Romney’s statement too clever by half
Published 11:55 am Friday, September 21, 2012
You’d think, after nearly a lifetime in politics, which began as a little girl starting petitions, I would have figured out how to respond to a tragedy. You’d think I’d at least have an intellectual handle on senseless deaths and unprovoked attacks.
But I don’t. I guess I keep seeing the humanity in people, so while my heart reaches out, my mind has to take a step back. That’s how I felt for the 24 hours after I first learned of the deaths at our consulate in Libya. That’s how I feel now as I write this.
The known facts are easy to recount:
On Tuesday, the 11th anniversary of 9/11, probably not by coincidence, two U.S. diplomatic outposts were attacked — the first in Egypt, then hours later the one in Libya. In Egypt, a mob, apparently stirred by a rather vile film insulting to Muslims, gathered to attack the U.S. Embassy. American diplomats tried to calm the tension with an on-the-spot release essentially reaffirming the basis for the First Amendment. After all, one can’t have freedom of religion without freedom — and respect — for religion.
The attack on the U.S. Consulate in Benghazi, Libya, was not a riot, but a deliberately planned attack. Sometime in the evening on Tuesday, Ambassador J. Christopher Stevens, a man who had worked tirelessly to help the Libyan people transition to democracy, was killed. Three members of his staff were also killed, including Sean Smith, a foreign service information management officer. He had a “virtual life” as a respected and hugely influential figure in the world of online gaming.
It took Libyan and American forces until almost 2 a.m. Wednesday to regain control of the compound. Stevens’ body was not identified until near dawn.
Word came Thursday that four men had been arrested for helping to instigate the attack on the consulate that claimed Stevens’ life. Hopefully, this will help shed light on those behind the assault.
About 9:30 p.m. on Tuesday, Secretary of State Clinton issued a statement acknowledging the death of a U.S. diplomatic worker in Libya. There were still a lot of unknowns, still fighting at the consulate. And even though things had calmed down in Egypt, the painstaking, time-consuming work of data gathering and fact checking was still underway.
And this is where, frankly, I wish I could say I just don’t get it. But I do.
Peggy Noonan, a former speechwriter for President Ronald Reagan and now a columnist for The Wall Street Journal said, “When something violent is happening to your people, I always think discretion is the better way to go.”

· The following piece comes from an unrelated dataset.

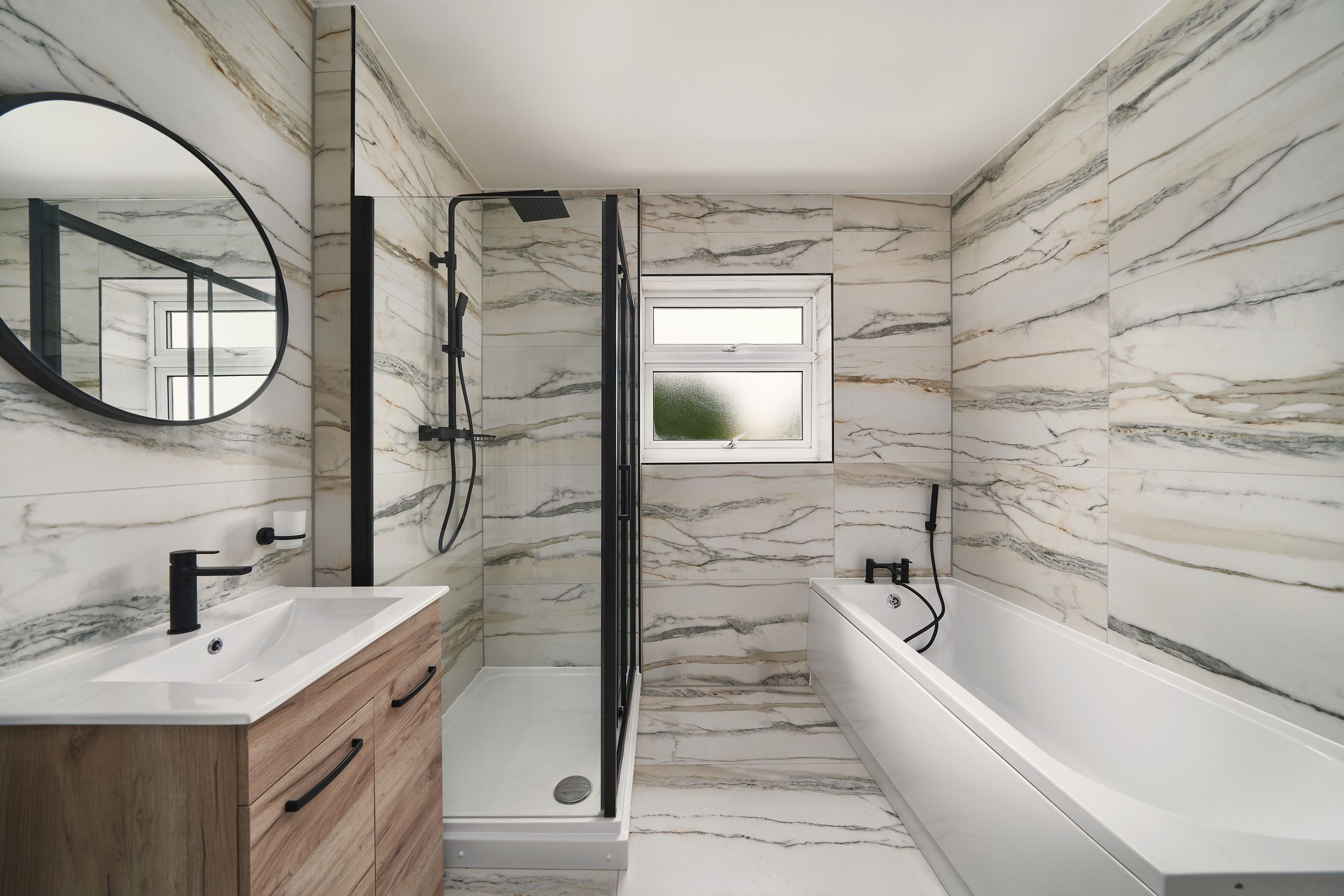 A refurbished bathroom with marble-effect tiles, a bath, a black-framed shower and a wood-effect vanity unit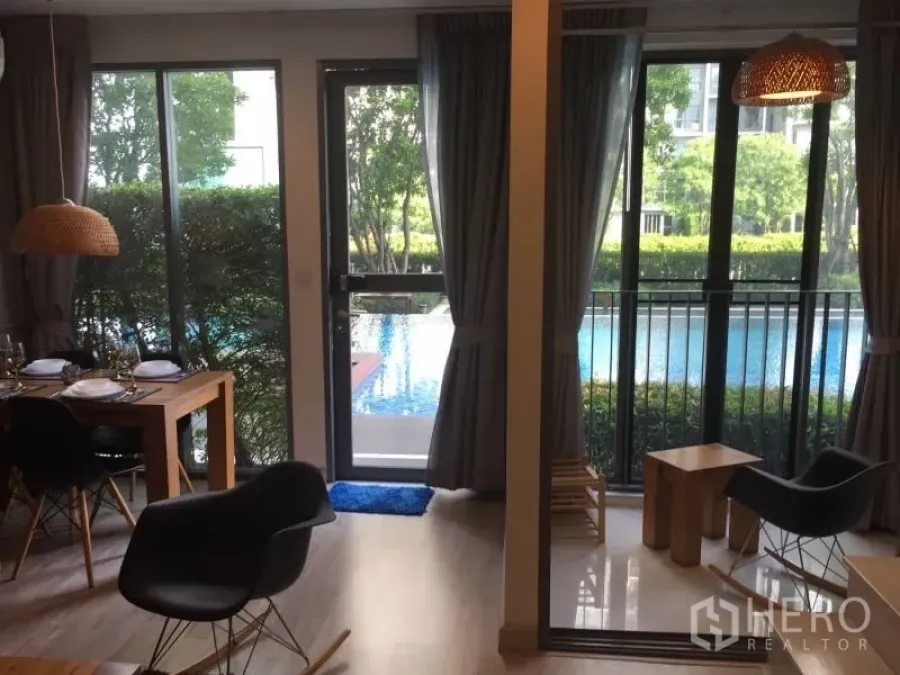 Condominium for rent in Phra Khanong, Bangkok - Living and dining area with floor-to-ceiling windows opening to pool and garden view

She was responding to a question about Mitt Romney’s statement Tuesday night. While the fight in the compound was still going on, and information was sketchy, Romney emailed to reporters a statement that contained this sentence: “The Obama administration’s first response was not to condemn attacks on our diplomatic missions, but to sympathize with those who waged the attacks.” At 10:30 p.m., Romney’s campaign lifted the “no politics on 9/11” restriction and released the statement publicly.
The statement was condemned by almost everyone in the media — conservative and liberal alike (with the predictable exceptions of Fox News and Rush Limbaugh). Many Republicans not only distanced themselves from the statement, but also publicly rebuked Romney.
He got his timing wrong, he got his sentiments wrong and he got his facts wrong.
On Wednesday morning, Romney defended his before-the-facts-were-known statement: “I also believe the administration was wrong to stand by a statement sympathizing with those who had breached our embassy in Egypt, instead of condemning their actions.”
He got that wrong, too.
President Obama and Secretary Clinton, about an hour after Romney spoke, paid tribute to the slain Americans and to the members of the diplomatic corps. In conclusion, Obama said, “While the United States rejects efforts to denigrate the religious beliefs of others, we must all unequivocally oppose the kind of senseless violence that took the lives of these public servants.”
Yes, the tribute was a bit “platitudinous,” and Obama seemed to “eschew the larger meaning of the events,” according to Noonan. That’s as it should be. At a time of mourning, there is no big picture, only pain. And resolve. And the closer we come to silence, the more eloquent we are.
Libya’s new prime minister gets it: “These actions run counter to the very foundations of free Libya, of democracy, and of Islam,” he said. “They are reprehensible.”
Those Libyans gathering in the streets of Benghazi and holding signs in Arabic and English that read, “Thugs and killers don’t represent Benghazi nor Islam” and “Chris Stevens was a friend to all Libyans” and “This does not represent us” — they get it.
Others have used the adjectives to describe Romney’s attempt at political exploitation, his diplomatic ineptness and the dissonance in his sympathy. I won’t go there, in part because Romney saddens me.
Romney didn’t answer his “3 a.m. phone call.” But he did answer a fundamental moral question:
“If I am for myself alone, what am I?”